Treatment filters out bad cholesterol

Diet and lifestyle changes, combined with medication, can lower the risk of heart attack and stroke in patients with high levels of so-called bad cholesterol. But some patients genetically predisposed to high levels of LDL (low-density lipoprotein) don’t respond well to drug therapy.

Now School of Medicine physicians can help these patients with a technique called LDL apheresis, a treatment with an FDA-approved system known as HELP (Heparin-induced Extracorporeal Lipoprotein Precipitation), which filters LDL cholesterol out of the blood.

Anne Carol Goldberg, M.D., associate professor of medicine, talks with patient Ted Harrison while he undergoes apheresis treatment for high cholesterol at Barnes-Jewish Hospital.

“The blood is separated into red cells and plasma, and the plasma is run through a device containing material that grabs on to bad cholesterol particles,” said Anne Carol Goldberg, M.D., associate professor of medicine. “It picks up the particles that contain a protein found on LDL cholesterol and removes them from the blood.

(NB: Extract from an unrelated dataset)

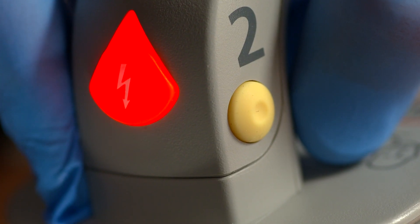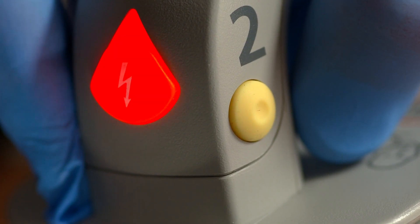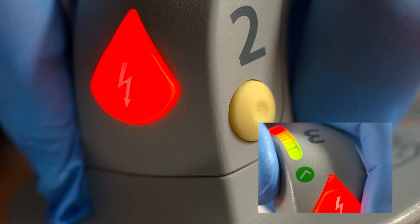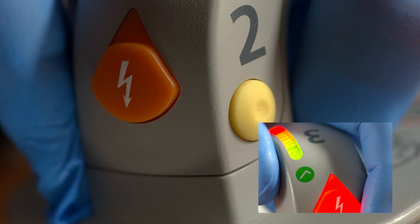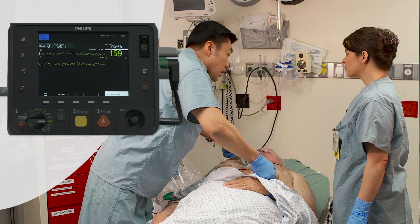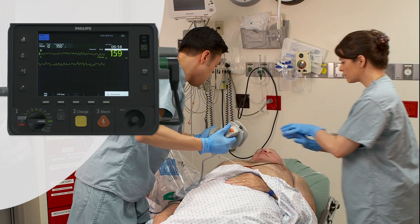The orange shock buttons on the paddles flash to indicate the defibrillator is charged, and the patient contact indicator lights turn green once proper skin contact is made. Make sure no one is touching the patient or anything connected to the patient. Press the shock buttons simultaneously located on the paddles.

Then the plasma is put back together with the red blood cells, minus the LDL, and returned to the body.”

The therapy reduces LDL cholesterol levels by at least 50 percent, according to Goldberg, a cholesterol specialist. Sometimes as much as three quarters of a patient’s LDL will be removed during treatment. Unfortunately, the bad cholesterol will begin to build up again in the days and weeks following treatment, so patients who qualify for the therapy must receive treatment twice a month.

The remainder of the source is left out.